* _EXERCISE BRIEF_:
Once the images are removed, set down everything else in the listing below exactly.

* _SUPPLIED INFORMATION_:
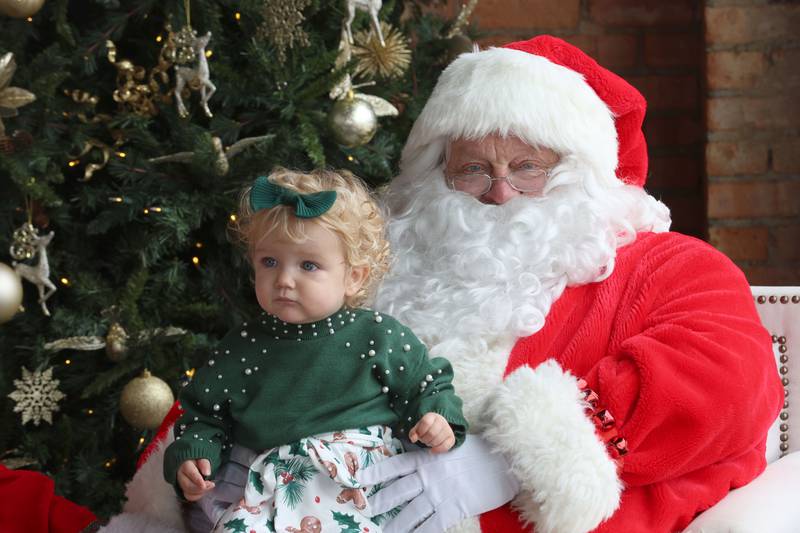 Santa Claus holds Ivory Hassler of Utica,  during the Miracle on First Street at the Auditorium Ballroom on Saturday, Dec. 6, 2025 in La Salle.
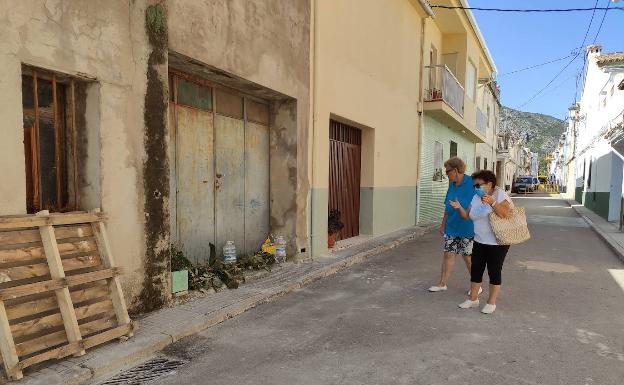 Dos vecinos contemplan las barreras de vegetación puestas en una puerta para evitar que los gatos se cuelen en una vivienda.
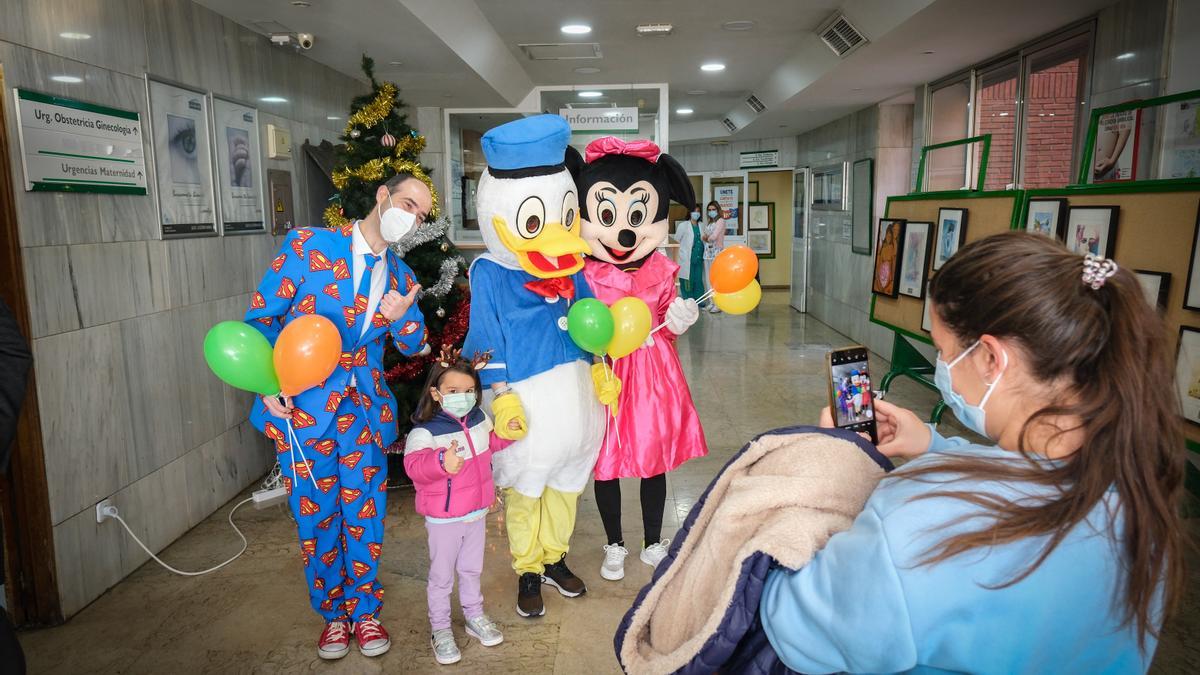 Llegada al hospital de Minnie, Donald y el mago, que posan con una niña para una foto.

* _ANSWER BOX_:
 Santa Claus holds Ivory Hassler of Utica,  during the Miracle on First Street at the Auditorium Ballroom on Saturday, Dec. 6, 2025 in La Salle.
 Dos vecinos contemplan las barreras de vegetación puestas en una puerta para evitar que los gatos se cuelen en una vivienda.
 Llegada al hospital de Minnie, Donald y el mago, que posan con una niña para una foto.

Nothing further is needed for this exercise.